Comparison, Competition, and Changing the World with Jeff Gargas | Episode 46
Play • 44 min

With a new book being released and a flourishing business that delivers game-changing tools, strategies, and systems for teachers all over the globe, Jeff Gargas, the COO of the Teach Better Team seemed like a great fit for our podcast. I wanted to explore the parallels of what’s working for educators and what’s needed to help emerging leaders develop mutually meaningful work engagements.

Teach Better Team’s mission to help educators be better today than they were yesterday and be better tomorrow than they are today inspired a common thread in our conversation about comparison, competition, and the importance of being your most authentic self. In today’s world, it’s easy for any of us to fall into the trap of comparison – especially when scrolling through social media images that depict Instagram-worthy visual representations of perfection. For a teacher it might be a picture of an ideal lesson plan or masterfully decorated classroom. For the rest of us it can be photos of flawless homes, seemingly perfect relationships, completely collaborative teams, or office spaces that look like they have been lifted from the pages of Architectural Digest.

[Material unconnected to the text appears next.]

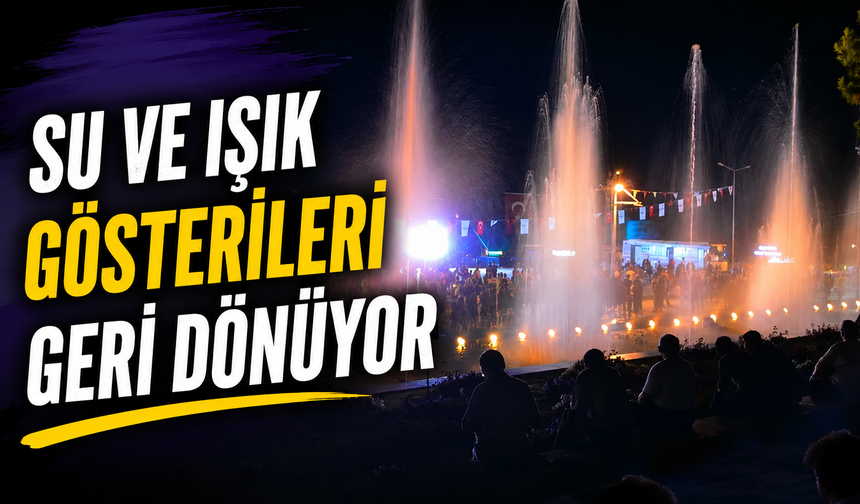 Su ve ışık gösterileri geri dönüyor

As Theodore Roosevelt stated, “Comparison is a thief of joy.” It can often lead to those “not enough” thoughts that rob us of bandwidth and stifle our own talents. Jeff shared with me his early dream of being a “rock star” – which actually led him to his first collaboration with his Teach Better Co-Founder, Chad Ostrowski. Jeff had successfully built a record label and was on the path to the next level of success when the industry shifted, and he had to shut it down. That led him to a defining moment in his life when he questioned who he was without success. He found the perspective he needed to move forward from his wife and curiously from a line in the movie Cool Runnings. “If you are not enough without the gold medal, you’ll never be enough with it.” Jeff’s take-away: You have to understand who you are first. You have to get clear about your principles as a person. Know what you’re passionate about and come from that place of authenticity.

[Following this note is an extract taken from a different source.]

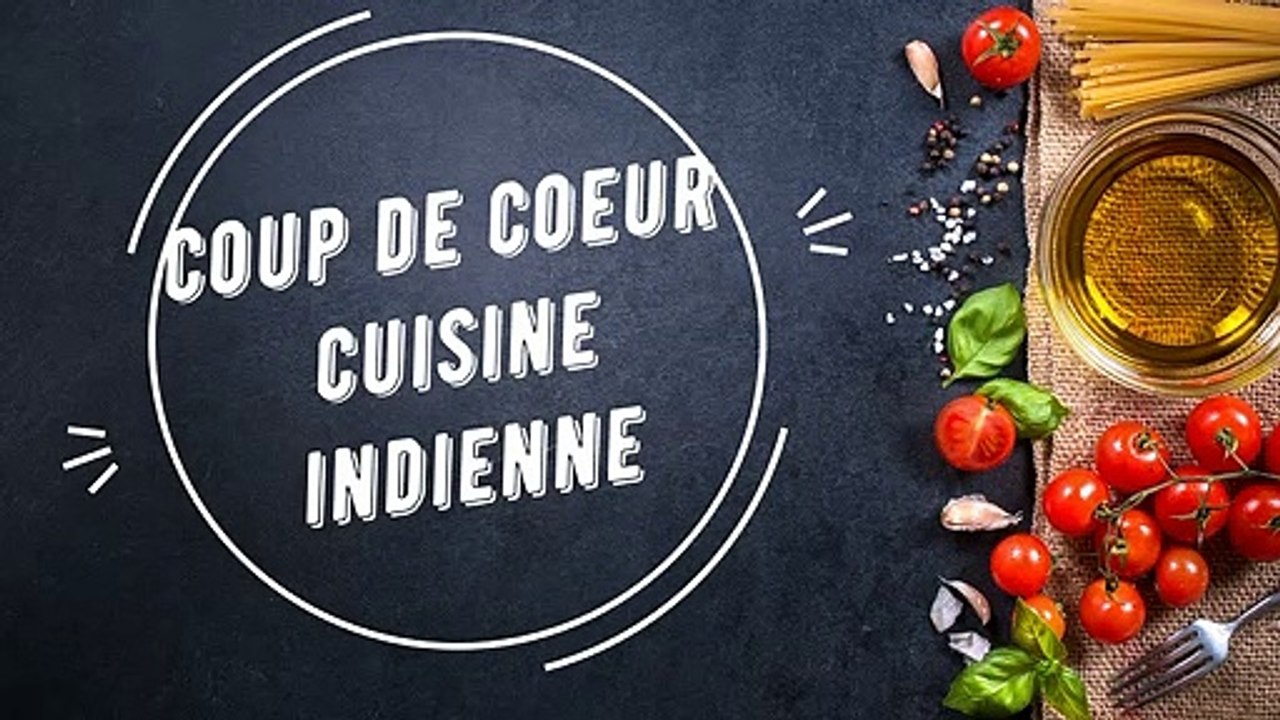 Coup de Coeur cuisine Indienne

Jeff shared come great advice that he received relatively early in his career: “It’s OK to compete – but don’t compare.” We talked a little bit about healthy competition and how it can drive you to get better or stronger and get out of your comfort zones. We also looked at the flip side of that competitive spirit using the analogy of runners in a 5K or half marathon. Some are running, of course, to be first over the finish line or to enjoy the accolades of winning. Most, however, that we’ve seen are competing not with the other runners, but with themselves by asking the question, “How can I beat my best time?” That definitely falls in line with Jeff’s company’s approach to teaching teachers about the “pursuit of better”.

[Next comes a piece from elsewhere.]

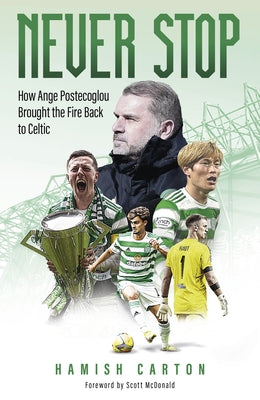 Never Stop: How Ange Postecoglou Brought the Fire Back to Celtic by Carton, Hamish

I asked about a lightbulb moment for he and his team that really made an impact. I loved that he shared the story about how Chad Ostrowski wanted to create an eBook that would share The Grid Method, which creates astounding results for teachers and students. Jeff didn’t think an eBook was enough, he told Chad that he was going to change the world. And story after story from teachers around the globe, it seems that’s just what they are doing. Two examples: One teacher shared how Chad’s strategies not only helped her create better pathways for learning for her students, but actually saved her marriage because, they helped reduce her stress and anxiety. A student shared how because of the new way his teacher was teaching, he was learning better and at a pace that worked for him and didn’t have to try to keep up with others. He said, “Because I’m not as smart as everyone else so I move as fast, so now no one makes fun of me and I don’t feel dumb anymore.” Now that’s impactful – and world changing.

Jeff’s new book, Teach Better, is co-authored by his company teammates Chad Ostrowski, Tiffany Ott, and Rae Hughart. It is a terrific roadmap for growth for educators but also one worth the read for leaders from any industry. The mindset messages are universal, and the tactical elements of lesson planning and creating pathways for success are easily translated to the business practices of training, education, building relationships, and assessing progress.

In response to my standard question relating to 3 takeaways, Jeff’s response was this:

  1. Believe in what you do or go find something else to do. This was a strong statement, but so important about coming from a place where you can put all your passion and authenticity into what you do. That makes you a stronger leader.

  2. Serve others. Jeff shared his approach to his business. Even though he is technically the “boss” – he doesn’t believe in the “they work for me” theory of leadership. He believes in the “I work for them” approach which ensures that he is always looking out for what elevates his team, not just himself.

  3. Work balance and the idea that “if you find something you love, you’ll never work another day in your life” are myths. The truth is that if you really do love what you do, you’re going to put in the hours and work even harder to make it work at the highest level. The second truth is that most people spend about 60% of their time at work so there really isn’t balance. Instead of focusing on balance, focus on finding harmony. How can everything flow together?

It was terrific getting to know Jeff better and of course, we so admire any person and organization who make it their mission to help our teachers and educators thrive in today’s world. Kudos to the Teach Better Team for all they do.

I loved exploring these concepts of comparison, competition, coming from a place of passion and authenticity and of course, changing the world. As a leader, how can you be better today than yesterday and better tomorrow than today? Let’s have that conversation!